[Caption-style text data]
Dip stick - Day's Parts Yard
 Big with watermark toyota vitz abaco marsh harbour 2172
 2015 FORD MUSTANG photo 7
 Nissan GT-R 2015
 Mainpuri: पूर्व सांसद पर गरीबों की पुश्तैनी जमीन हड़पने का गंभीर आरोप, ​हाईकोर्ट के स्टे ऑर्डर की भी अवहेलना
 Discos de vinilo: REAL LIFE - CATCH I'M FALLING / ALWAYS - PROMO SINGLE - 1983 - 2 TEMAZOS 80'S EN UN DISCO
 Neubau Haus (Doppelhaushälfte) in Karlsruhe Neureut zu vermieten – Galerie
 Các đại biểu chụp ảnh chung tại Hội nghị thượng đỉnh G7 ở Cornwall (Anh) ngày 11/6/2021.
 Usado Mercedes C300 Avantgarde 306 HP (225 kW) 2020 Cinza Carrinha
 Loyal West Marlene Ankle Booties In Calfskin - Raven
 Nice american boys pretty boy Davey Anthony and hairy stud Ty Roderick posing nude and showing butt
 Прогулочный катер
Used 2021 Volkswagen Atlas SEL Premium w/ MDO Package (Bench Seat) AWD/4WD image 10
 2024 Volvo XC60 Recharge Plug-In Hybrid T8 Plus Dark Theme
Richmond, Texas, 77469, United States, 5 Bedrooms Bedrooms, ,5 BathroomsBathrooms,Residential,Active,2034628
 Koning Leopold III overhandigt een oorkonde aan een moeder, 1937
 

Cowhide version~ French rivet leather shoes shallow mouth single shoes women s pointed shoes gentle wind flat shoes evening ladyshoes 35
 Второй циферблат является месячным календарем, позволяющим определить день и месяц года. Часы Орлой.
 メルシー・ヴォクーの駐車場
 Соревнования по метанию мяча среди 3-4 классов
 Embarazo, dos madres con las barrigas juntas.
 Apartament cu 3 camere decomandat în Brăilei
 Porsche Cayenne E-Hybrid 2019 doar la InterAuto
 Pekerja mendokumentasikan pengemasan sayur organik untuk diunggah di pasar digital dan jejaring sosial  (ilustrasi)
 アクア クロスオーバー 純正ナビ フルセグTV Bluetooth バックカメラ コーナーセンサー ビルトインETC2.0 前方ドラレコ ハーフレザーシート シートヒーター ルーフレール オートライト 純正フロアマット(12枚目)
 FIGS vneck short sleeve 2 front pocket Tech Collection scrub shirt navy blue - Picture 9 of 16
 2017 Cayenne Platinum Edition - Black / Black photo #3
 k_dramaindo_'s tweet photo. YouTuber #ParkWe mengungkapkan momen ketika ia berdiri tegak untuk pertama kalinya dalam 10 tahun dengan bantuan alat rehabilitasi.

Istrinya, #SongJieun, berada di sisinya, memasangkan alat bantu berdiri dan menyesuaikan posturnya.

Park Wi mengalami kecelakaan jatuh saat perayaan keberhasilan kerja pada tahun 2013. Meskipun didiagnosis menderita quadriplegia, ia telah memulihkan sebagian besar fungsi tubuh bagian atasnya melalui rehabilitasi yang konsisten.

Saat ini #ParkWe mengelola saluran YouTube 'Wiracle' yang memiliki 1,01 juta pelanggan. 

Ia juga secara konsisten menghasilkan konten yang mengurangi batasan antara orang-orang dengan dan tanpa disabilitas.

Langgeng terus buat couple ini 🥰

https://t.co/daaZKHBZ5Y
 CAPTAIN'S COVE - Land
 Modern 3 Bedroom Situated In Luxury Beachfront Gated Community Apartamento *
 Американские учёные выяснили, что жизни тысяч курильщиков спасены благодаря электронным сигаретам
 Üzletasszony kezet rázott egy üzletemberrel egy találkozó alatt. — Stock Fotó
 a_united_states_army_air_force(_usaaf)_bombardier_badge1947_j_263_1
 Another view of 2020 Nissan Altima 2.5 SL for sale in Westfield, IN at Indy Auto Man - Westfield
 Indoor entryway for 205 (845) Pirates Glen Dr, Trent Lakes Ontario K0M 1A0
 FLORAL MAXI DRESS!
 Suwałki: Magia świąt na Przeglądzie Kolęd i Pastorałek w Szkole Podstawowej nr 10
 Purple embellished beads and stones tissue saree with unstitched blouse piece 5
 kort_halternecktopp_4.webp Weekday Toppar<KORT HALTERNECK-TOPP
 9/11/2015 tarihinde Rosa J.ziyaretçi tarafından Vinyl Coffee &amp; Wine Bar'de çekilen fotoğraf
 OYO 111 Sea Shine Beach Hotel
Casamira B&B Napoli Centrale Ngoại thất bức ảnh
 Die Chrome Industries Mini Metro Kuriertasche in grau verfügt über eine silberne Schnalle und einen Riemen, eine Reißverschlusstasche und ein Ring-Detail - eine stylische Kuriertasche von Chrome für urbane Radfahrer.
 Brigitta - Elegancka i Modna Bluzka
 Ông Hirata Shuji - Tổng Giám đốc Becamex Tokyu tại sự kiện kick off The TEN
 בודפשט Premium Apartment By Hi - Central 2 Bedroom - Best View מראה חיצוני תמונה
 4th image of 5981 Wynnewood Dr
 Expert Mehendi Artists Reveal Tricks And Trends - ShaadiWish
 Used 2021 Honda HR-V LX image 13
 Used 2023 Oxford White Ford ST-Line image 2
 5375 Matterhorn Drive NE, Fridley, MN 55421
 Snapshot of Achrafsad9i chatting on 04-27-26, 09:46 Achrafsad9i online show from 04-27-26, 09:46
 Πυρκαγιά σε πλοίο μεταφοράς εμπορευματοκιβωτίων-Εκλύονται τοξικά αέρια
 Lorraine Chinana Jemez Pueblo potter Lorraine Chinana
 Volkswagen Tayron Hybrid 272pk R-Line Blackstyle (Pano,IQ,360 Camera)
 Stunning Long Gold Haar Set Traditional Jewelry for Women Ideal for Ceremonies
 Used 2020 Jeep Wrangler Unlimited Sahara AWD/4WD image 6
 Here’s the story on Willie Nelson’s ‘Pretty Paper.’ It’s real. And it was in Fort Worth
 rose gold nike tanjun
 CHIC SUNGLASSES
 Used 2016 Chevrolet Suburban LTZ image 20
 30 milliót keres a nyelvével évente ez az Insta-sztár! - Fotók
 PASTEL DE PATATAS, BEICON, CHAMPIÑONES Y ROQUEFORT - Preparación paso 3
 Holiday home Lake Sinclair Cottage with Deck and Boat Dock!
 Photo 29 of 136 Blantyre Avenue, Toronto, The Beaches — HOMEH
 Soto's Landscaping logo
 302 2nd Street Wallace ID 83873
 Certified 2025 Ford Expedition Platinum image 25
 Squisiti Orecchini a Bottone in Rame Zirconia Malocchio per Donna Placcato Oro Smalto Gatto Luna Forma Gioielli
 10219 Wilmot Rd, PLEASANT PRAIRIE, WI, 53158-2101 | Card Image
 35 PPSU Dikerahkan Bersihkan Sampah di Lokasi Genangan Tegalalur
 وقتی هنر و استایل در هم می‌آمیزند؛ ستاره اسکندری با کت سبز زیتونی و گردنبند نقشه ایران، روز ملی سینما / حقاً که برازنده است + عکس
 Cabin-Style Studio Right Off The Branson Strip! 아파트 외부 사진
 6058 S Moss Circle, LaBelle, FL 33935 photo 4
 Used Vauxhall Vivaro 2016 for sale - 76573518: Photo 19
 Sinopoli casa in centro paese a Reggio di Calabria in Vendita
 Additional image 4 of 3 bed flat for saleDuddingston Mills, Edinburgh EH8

## [Your instructions]
Copy every record precisely, omitting nothing.

## [Written reply]
Dip stick - Day's Parts Yard
 Big with watermark toyota vitz abaco marsh harbour 2172
 2015 FORD MUSTANG photo 7
 Nissan GT-R 2015
 Mainpuri: पूर्व सांसद पर गरीबों की पुश्तैनी जमीन हड़पने का गंभीर आरोप, ​हाईकोर्ट के स्टे ऑर्डर की भी अवहेलना
 Discos de vinilo: REAL LIFE - CATCH I'M FALLING / ALWAYS - PROMO SINGLE - 1983 - 2 TEMAZOS 80'S EN UN DISCO
 Neubau Haus (Doppelhaushälfte) in Karlsruhe Neureut zu vermieten – Galerie
 Các đại biểu chụp ảnh chung tại Hội nghị thượng đỉnh G7 ở Cornwall (Anh) ngày 11/6/2021.
 Usado Mercedes C300 Avantgarde 306 HP (225 kW) 2020 Cinza Carrinha
 Loyal West Marlene Ankle Booties In Calfskin - Raven
 Nice american boys pretty boy Davey Anthony and hairy stud Ty Roderick posing nude and showing butt
 Прогулочный катер
Used 2021 Volkswagen Atlas SEL Premium w/ MDO Package (Bench Seat) AWD/4WD image 10
 2024 Volvo XC60 Recharge Plug-In Hybrid T8 Plus Dark Theme
Richmond, Texas, 77469, United States, 5 Bedrooms Bedrooms, ,5 BathroomsBathrooms,Residential,Active,2034628
 Koning Leopold III overhandigt een oorkonde aan een moeder, 1937
 

Cowhide version~ French rivet leather shoes shallow mouth single shoes women s pointed shoes gentle wind flat shoes evening ladyshoes 35
 Второй циферблат является месячным календарем, позволяющим определить день и месяц года. Часы Орлой.
 メルシー・ヴォクーの駐車場
 Соревнования по метанию мяча среди 3-4 классов
 Embarazo, dos madres con las barrigas juntas.
 Apartament cu 3 camere decomandat în Brăilei
 Porsche Cayenne E-Hybrid 2019 doar la InterAuto
 Pekerja mendokumentasikan pengemasan sayur organik untuk diunggah di pasar digital dan jejaring sosial  (ilustrasi)
 アクア クロスオーバー 純正ナビ フルセグTV Bluetooth バックカメラ コーナーセンサー ビルトインETC2.0 前方ドラレコ ハーフレザーシート シートヒーター ルーフレール オートライト 純正フロアマット(12枚目)
 FIGS vneck short sleeve 2 front pocket Tech Collection scrub shirt navy blue - Picture 9 of 16
 2017 Cayenne Platinum Edition - Black / Black photo #3
 k_dramaindo_'s tweet photo. YouTuber #ParkWe mengungkapkan momen ketika ia berdiri tegak untuk pertama kalinya dalam 10 tahun dengan bantuan alat rehabilitasi.

Istrinya, #SongJieun, berada di sisinya, memasangkan alat bantu berdiri dan menyesuaikan posturnya.

Park Wi mengalami kecelakaan jatuh saat perayaan keberhasilan kerja pada tahun 2013. Meskipun didiagnosis menderita quadriplegia, ia telah memulihkan sebagian besar fungsi tubuh bagian atasnya melalui rehabilitasi yang konsisten.

Saat ini #ParkWe mengelola saluran YouTube 'Wiracle' yang memiliki 1,01 juta pelanggan. 

Ia juga secara konsisten menghasilkan konten yang mengurangi batasan antara orang-orang dengan dan tanpa disabilitas.

Langgeng terus buat couple ini 🥰

https://t.co/daaZKHBZ5Y
 CAPTAIN'S COVE - Land
 Modern 3 Bedroom Situated In Luxury Beachfront Gated Community Apartamento *
 Американские учёные выяснили, что жизни тысяч курильщиков спасены благодаря электронным сигаретам
 Üzletasszony kezet rázott egy üzletemberrel egy találkozó alatt. — Stock Fotó
 a_united_states_army_air_force(_usaaf)_bombardier_badge1947_j_263_1
 Another view of 2020 Nissan Altima 2.5 SL for sale in Westfield, IN at Indy Auto Man - Westfield
 Indoor entryway for 205 (845) Pirates Glen Dr, Trent Lakes Ontario K0M 1A0
 FLORAL MAXI DRESS!
 Suwałki: Magia świąt na Przeglądzie Kolęd i Pastorałek w Szkole Podstawowej nr 10
 Purple embellished beads and stones tissue saree with unstitched blouse piece 5
 kort_halternecktopp_4.webp Weekday Toppar<KORT HALTERNECK-TOPP
 9/11/2015 tarihinde Rosa J.ziyaretçi tarafından Vinyl Coffee &amp; Wine Bar'de çekilen fotoğraf
 OYO 111 Sea Shine Beach Hotel
Casamira B&B Napoli Centrale Ngoại thất bức ảnh
 Die Chrome Industries Mini Metro Kuriertasche in grau verfügt über eine silberne Schnalle und einen Riemen, eine Reißverschlusstasche und ein Ring-Detail - eine stylische Kuriertasche von Chrome für urbane Radfahrer.
 Brigitta - Elegancka i Modna Bluzka
 Ông Hirata Shuji - Tổng Giám đốc Becamex Tokyu tại sự kiện kick off The TEN
 בודפשט Premium Apartment By Hi - Central 2 Bedroom - Best View מראה חיצוני תמונה
 4th image of 5981 Wynnewood Dr
 Expert Mehendi Artists Reveal Tricks And Trends - ShaadiWish
 Used 2021 Honda HR-V LX image 13
 Used 2023 Oxford White Ford ST-Line image 2
 5375 Matterhorn Drive NE, Fridley, MN 55421
 Snapshot of Achrafsad9i chatting on 04-27-26, 09:46 Achrafsad9i online show from 04-27-26, 09:46
 Πυρκαγιά σε πλοίο μεταφοράς εμπορευματοκιβωτίων-Εκλύονται τοξικά αέρια
 Lorraine Chinana Jemez Pueblo potter Lorraine Chinana
 Volkswagen Tayron Hybrid 272pk R-Line Blackstyle (Pano,IQ,360 Camera)
 Stunning Long Gold Haar Set Traditional Jewelry for Women Ideal for Ceremonies
 Used 2020 Jeep Wrangler Unlimited Sahara AWD/4WD image 6
 Here’s the story on Willie Nelson’s ‘Pretty Paper.’ It’s real. And it was in Fort Worth
 rose gold nike tanjun
 CHIC SUNGLASSES
 Used 2016 Chevrolet Suburban LTZ image 20
 30 milliót keres a nyelvével évente ez az Insta-sztár! - Fotók
 PASTEL DE PATATAS, BEICON, CHAMPIÑONES Y ROQUEFORT - Preparación paso 3
 Holiday home Lake Sinclair Cottage with Deck and Boat Dock!
 Photo 29 of 136 Blantyre Avenue, Toronto, The Beaches — HOMEH
 Soto's Landscaping logo
 302 2nd Street Wallace ID 83873
 Certified 2025 Ford Expedition Platinum image 25
 Squisiti Orecchini a Bottone in Rame Zirconia Malocchio per Donna Placcato Oro Smalto Gatto Luna Forma Gioielli
 10219 Wilmot Rd, PLEASANT PRAIRIE, WI, 53158-2101 | Card Image
 35 PPSU Dikerahkan Bersihkan Sampah di Lokasi Genangan Tegalalur
 وقتی هنر و استایل در هم می‌آمیزند؛ ستاره اسکندری با کت سبز زیتونی و گردنبند نقشه ایران، روز ملی سینما / حقاً که برازنده است + عکس
 Cabin-Style Studio Right Off The Branson Strip! 아파트 외부 사진
 6058 S Moss Circle, LaBelle, FL 33935 photo 4
 Used Vauxhall Vivaro 2016 for sale - 76573518: Photo 19
 Sinopoli casa in centro paese a Reggio di Calabria in Vendita
 Additional image 4 of 3 bed flat for saleDuddingston Mills, Edinburgh EH8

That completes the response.